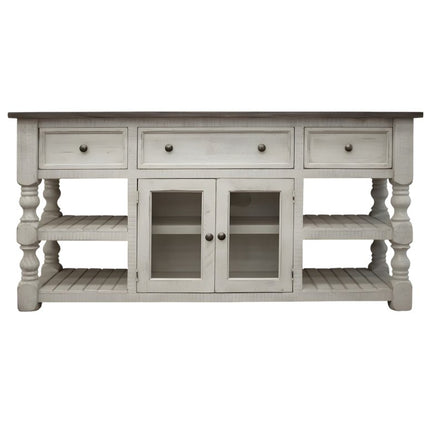 60" Ivory Solid Wood Open shelving Distressed TV Stand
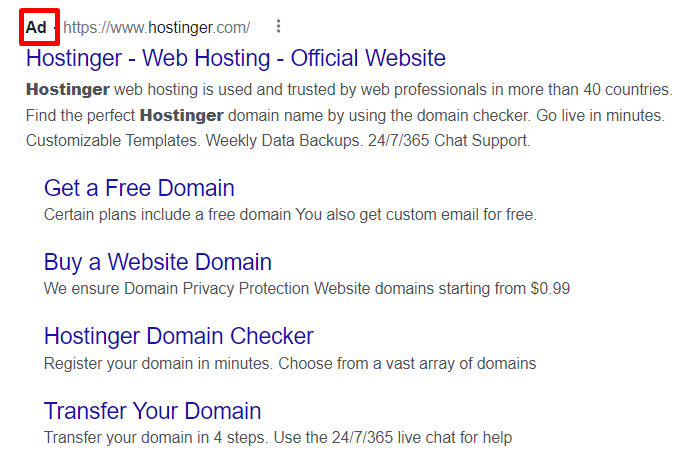 An example of a google ad on top of the search results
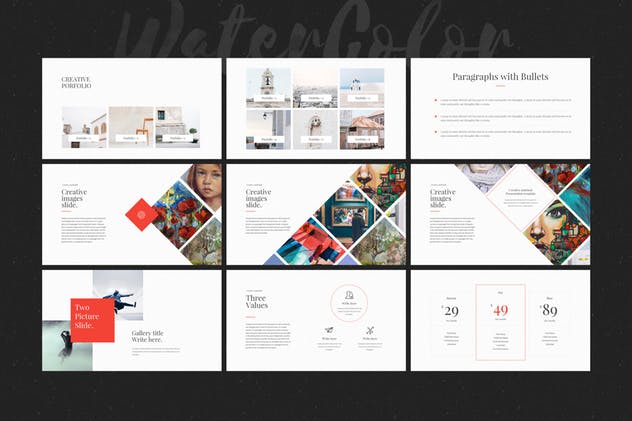 多用途水彩设计风格系列Keynote幻灯片模板 WaterColor – Keynote Template插图(9)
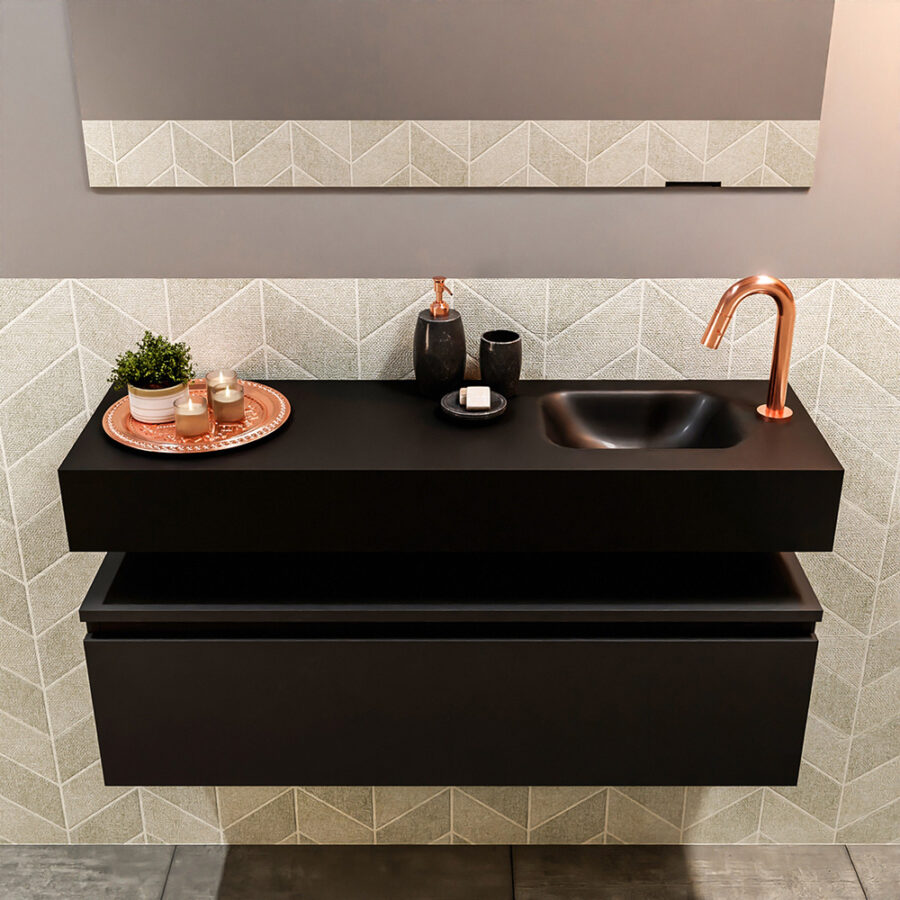 MONDIAZ ANDOR 100cm toiletmeubel urban. LEX 100cm wastafel urban positie rechts. Met 1 kraangat - Afbeelding 3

* * * *

_Exercise requirements:_ Every line from the one containing "多用途水彩设计风格系列Keynote幻灯片模板 WaterColor –" to the last line of the material must be returned exactly. Leave out any pictures.

_Result of the task:_
 多用途水彩设计风格系列Keynote幻灯片模板 WaterColor – Keynote Template插图(9)
 MONDIAZ ANDOR 100cm toiletmeubel urban. LEX 100cm wastafel urban positie rechts. Met 1 kraangat - Afbeelding 3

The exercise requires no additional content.